Communist Organisation (ICO), the leading voice in which was Brendan Clifford. As

he later told Tony Monks, “Clifford would react to your mind, which was what I needed.”

In the communist movement, Pat engaged in depth with the classical theories of

Marx and the Leninists and, together with avid reading of a wide range of literature

and history, developed his own unique views on social and political development. In

1966 he returned to Dublin together with Denis Dennehy and Mick Murray with the

mission to establish a new Communist Party in Ireland.

Dublin in the late 1960s was in the full flush of Fianna Fáil induced boom. Despite

the slum clearance and new housing estates built during the de Valera era, there was

still a chronic housing problem, with much of central Dublin, and of other town and

cities, consisting of derelict tenements and an acute shortage of decent housing. This

contrasted with a massive expansion in office building to serve the boom and the

expansion of government. Developers and property owners dominated local

government and, despite a wave of political activism among the young, the

traditional left and the Labour Party, paralysed in its fatalistic “welfarism”, as Pat

called it, proved incapable of the street activism that was needed. The energy of the

ICO group attracted many intelligent, mainly working class, young people.

Pat and his ICO comrades threw themselves into the housing agitation, and were

soon leading voices in the Housing Action Committees established in Dublin, Cork

and elsewhere.

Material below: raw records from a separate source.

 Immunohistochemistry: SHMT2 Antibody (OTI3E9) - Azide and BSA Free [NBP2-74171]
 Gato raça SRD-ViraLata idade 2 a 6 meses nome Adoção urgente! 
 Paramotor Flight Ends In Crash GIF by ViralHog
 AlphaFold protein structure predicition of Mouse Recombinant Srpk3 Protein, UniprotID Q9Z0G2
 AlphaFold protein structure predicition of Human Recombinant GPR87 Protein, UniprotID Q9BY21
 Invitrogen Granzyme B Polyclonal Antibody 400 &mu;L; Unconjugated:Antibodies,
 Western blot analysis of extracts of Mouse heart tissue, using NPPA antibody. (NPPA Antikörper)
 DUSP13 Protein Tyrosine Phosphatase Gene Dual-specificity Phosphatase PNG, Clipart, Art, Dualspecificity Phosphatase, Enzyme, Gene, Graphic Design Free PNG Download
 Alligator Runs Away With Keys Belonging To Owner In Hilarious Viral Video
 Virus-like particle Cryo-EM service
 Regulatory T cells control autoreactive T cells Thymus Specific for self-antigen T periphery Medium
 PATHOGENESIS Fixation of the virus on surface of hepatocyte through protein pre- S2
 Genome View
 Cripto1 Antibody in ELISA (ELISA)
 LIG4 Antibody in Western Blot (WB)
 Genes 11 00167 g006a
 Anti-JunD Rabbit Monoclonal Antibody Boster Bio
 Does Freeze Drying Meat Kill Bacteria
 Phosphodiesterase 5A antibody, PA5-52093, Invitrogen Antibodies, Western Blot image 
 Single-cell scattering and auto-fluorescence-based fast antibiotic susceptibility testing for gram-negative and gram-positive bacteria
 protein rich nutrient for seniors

When Denis Dennehy was forcibly removed from the vacant house

he was squatting with his young family in Mountjoy Square, and imprisoned in

Mountjoy Jail in January 1969, he went on hunger strike, bringing thousands onto

the streets of the capital. Political and trade union leaders, from Brendan Corish and

Micky Mullen to Owen Sheehy Skeffington, rallied to Denis and to the housing

cause. One of the most moving interventions was a letter of support received by

Denis’s wife, Mary, from Muriel MacSweeney, widow of the Sinn Féin Lord Mayor

of Cork who had died on hunger strike in British custody in 1920 during the War of

Independence:

“It is nearly 60 years since my husband was on hunger strike. He often said and wrote

that although we would certainly gain our independence, would we be worthy?

It is an anxious time for you: but you and your husband and some others have at last

resurrected the old glory of Éire which was almost dead since the end of 1922 and

the beginning of 1923. I cannot express to you how very much I am with you and

how grateful I am to you, your husband and the children. I had been living in

despair for years.”

January 1969 was also the 50th anniversary of the opening of the First Dáil and it was

commemorated with a major event in Dublin’s Mansion House, presided over by

President Éamon de Valera. Following a meeting in the home of Michael O’Riordan,

treasurer of the DUHC and later general secretary of the Communist Party of

Ireland, at which it was agreed to prevail upon the veteran Republican and 1916

veteran, Joe Clarke, to disrupt proceedings to highlight the imprisonment of Denis

Dennehy, “disturbances and protests”, as The Irish Times called them, occurred at the

commemoration ceremonies. Amid stormy scenes, Clarke interrupted de Valera’s

address, referring to the broken promises of the programme of the First Dáil and

shouting “This is a mockery!” as he was ejected by ushers. Ironically Clarke had been

  1. [See Manus O’Riordan, ‘Commemorating the First Dáil’, Irish Political Review, February 2008]

an usher himself in the very First Dáil being commemorated! Four people were

arrested at the memorial mass in the Pro-Cathedral after shouting “Release Denis

Dennehy!”, eight members of the DHAC were arrested as they engaged in a sit-down

protest at the Custom House and further members picketed the GPO. A mass

meeting at the GPO subsequently marched on the Mansion House. Simultaneously,

protests in Cork culminated in the occupation of Cork City Hall by housing activists

proclaiming themselves the “Provisional City Council” – chairman Pádraic Ó

Siulleabháin, secretary Conchúir Ó Loinsigh (Conor Lynch).1

The housing agitation, in which Pat Murphy played a leading role in Dublin, was the

greatest social movement the capital had seen since the unemployment marches of

the 1950s, that had culminated in the election to the Dáil of “unemployed candidate”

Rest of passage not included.